Stocks are within a whisker of all-time highs.
The S&P 500 ended Friday just 0.2% from records after bouncing more than 1% for the week.
But, top market bull Jeffrey Saut isn’t trusting one outperforming sector that carried the index to these heights.
“I’m not a big fan of utilities here,” Saut, chief investment strategist at Capital Wealth Planning, said on CNBC’s “Trading Nation” on Friday. “I’ve been in this business for forty-nine years. I’ve been looking at markets for fifty-six years… and utilities are as richly valued as I’ve ever seen them.”
The XLU utilities ETF, which tracks the S&P 500 sector, trades at 21 times forward earnings — it hit its highest valuation ever earlier this month. The sector is the second-best performer on the S&P 500 this year.
“I have no interest in utilities. I think there is a much better valuation metric in the midstream master limited partnerships where you can get … 80% tax differed yields then you get in utilities,” said Saut.
The stock market’s unbeatable winner – tech – could continue to lead the rest of the pack higher, he adds.
“I like tech. I mean, I see people selling Amazon and looking for the next Amazon and the fact of the matter is the next Amazon is Amazon!” said Saut.
As for the rest of the market, Saut says stocks could be at risk of a pullback, albeit a slight one before rocketing back up to highs.

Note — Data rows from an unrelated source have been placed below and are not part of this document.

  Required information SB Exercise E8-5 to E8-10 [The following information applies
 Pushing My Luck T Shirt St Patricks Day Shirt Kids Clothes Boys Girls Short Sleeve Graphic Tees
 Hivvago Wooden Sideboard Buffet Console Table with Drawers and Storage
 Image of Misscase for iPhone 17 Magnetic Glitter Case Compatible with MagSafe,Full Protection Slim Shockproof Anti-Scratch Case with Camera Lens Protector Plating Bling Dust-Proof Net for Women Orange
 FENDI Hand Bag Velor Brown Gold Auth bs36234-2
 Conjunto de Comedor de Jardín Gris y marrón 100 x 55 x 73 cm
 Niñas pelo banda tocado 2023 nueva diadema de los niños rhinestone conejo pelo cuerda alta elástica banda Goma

“l don’t think it pulls back much. You’ve got some divergences out there. I mean, the Russell 2000 hadn’t made a new all-time high, the Nasdaq has some divergence between volume and breadth. So…I think you can get a 3% to 5% pullback from here, but the primary trend of the market is up,” said Saut.
In fact, Saut says this secular bull market could run another five to 10 years. He notes that valuations are not as stretched as in 2000, and a low interest rate environment should keep the bid under the equity market.